He then urged the Court to hold and find that the present action is justicable and that the Governor acted outside his statutory duty and thus cost the Protection accorded him under the Public Officers Protection Law.

He urged the Court to resolve this Issue in their favour.

On Issue No. 2, on whether the Judgment of the trial Court is not a nullity, the Court having been divested of jurisdiction by virtue of Section 254 (C) (1) (a) of the 1999 Constitution (as altered), Learned Appellant Counsel submitted that at the time the Learned trial Judge delivered it Judgment on the 22nd day of June, 2011, it had been divested of jurisdiction to hear and determine the substantive suit as the cause of action borders on Contract of Employment. See Section 254 (c) (1) (a) of the 1999 Constitution.

The cause of action he contended is predicated on the Appellant's Contract of Employment which he alleged was breached by his employers, when they failed to follow the Provisions of the statue that encapsulated the terms and conditions of his Employment in the Fire Service Rule of Cross River State.

Consequently, Learned Appellant's Counsel then urged the Court to hold that the Judgment of the High Court of Cross River State delivered in this case, culminating to this appeal, is a complete nullity as the Court was divested of jurisdiction to hear and determine as constituted before it.
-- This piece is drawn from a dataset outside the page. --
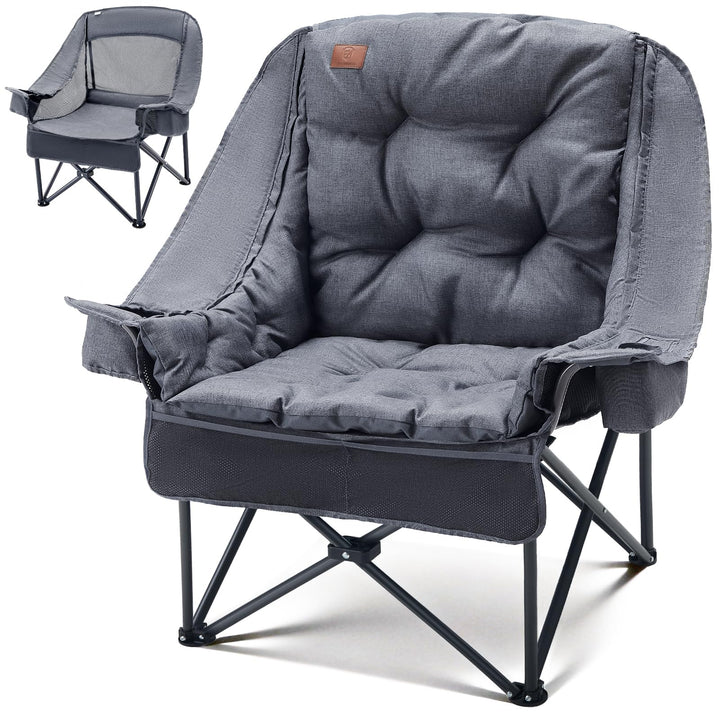 Campingstuhl Faltbar 2-in-1 mit 6cm Polsterung 180kg XXL grau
In conclusion, he urged the Court to allow the appeal and set aside the Judgment of the Lower Court in view of the following:

1.       "The Public Officer Protection Law is not Applicable to bar an action instituted outside the limitation period of six months where the Public Officer acts outside his public duty provided by statute.

2.       The Judgment of the trial Court was delivered when the Court has been divested of jurisdiction to hear and determine a cause of action bordering on the subject matter of Contract of Employment and Condition of Service."

On their own part, the Respondents formulated two Issues for determination as herein before Stated. In arguing Issue No. 1 as to whether the Respondents can be protected by the Public Officer (Protection) Law of Cross River State 2004, Cap P17 as amended in 2007 in view of the circumstances of this case, the Respondents'ýLearned Counsel cannot be heard to say or contend that the Governor acted Utra vires. Learned Counsel submitted that pursuant to the Establishment Circular No. 63216/51/x of the 20th day of August, 1999, the Federal Government also prescribed that every Public Officer shall retire from the service on attaining the age of 60 years or 35 years of service whichever comes first. See D. G. S. S vs. Briggs (2007) All FWLR (Pt. 344) 53, Nwaogwugwu vs. President of the Federal Republic of Nigeria (2007)ALL FWLR (Pt. 358) 1151.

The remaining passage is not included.